Forgive my ignorance if I’m wrong here but wouldn’t Budism count?
They don’t belive in a God but they do belive in life after death of your physical form.
That’s the dictionary definition of atheism. In the real world most atheists (and note that I carefully littered my post with that qualifier: atheists are a diverse group, just like all other groups) remove themselves from religion and vice versa.
There is no scientific evidence of NDE, just anecdotal accounts.
Buddhism.
Technically, it’s possible to believe in something like reincarnation without believing in any gods (and millions of people do), so non-theistic notions of an afterlife (or at least a continued existence of sorts), do exist.
As for scientific hypotheses. Nope. Consciousness and memory are emergent properties of the brain. No brain = no “soul.”
Pedantically speaking, NDE’s are the anecdotes. There is no reason to believe the experiences have any supernatural basis, but strictky speaking, NDE’s do exist as a subjective experience.

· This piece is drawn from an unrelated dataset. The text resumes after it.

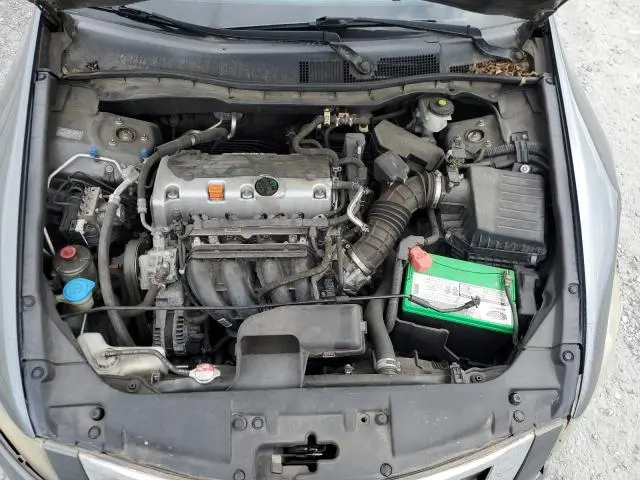 2010 HONDA ACCORD LX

An afterlife could probably someday be achieved technologically by a brain-in-a-jar hooked up to a virtual reality computer. If being supernatural isn’t a necessary part of the definition, then that might suffice.
Simulating a mind in a computer may or may not, since that’s more of a copy than a continuation of the original.
hijack;
Only if you were actually USED as fertilizer, which probably isn’t legal. Otherwise you pretty much have two choices in our society;
1> Have your corpse filled with chemicals, locked in a metal box and sealed in concrete. Ten thousand years from now, those bodies, combined with fragmented zombie/vampire tales; are probably going to convince people that we lived in terror of our dead.
2> Crackle, crackle, crackle.
But that’s not really on-topic.
/hijack
Well you could opt for a natural burial.
How come bodies are embalmed routinely in the US?
So they will last long enough for a funeral.
How long do the arrangements take? Isn’t refrigeration enough?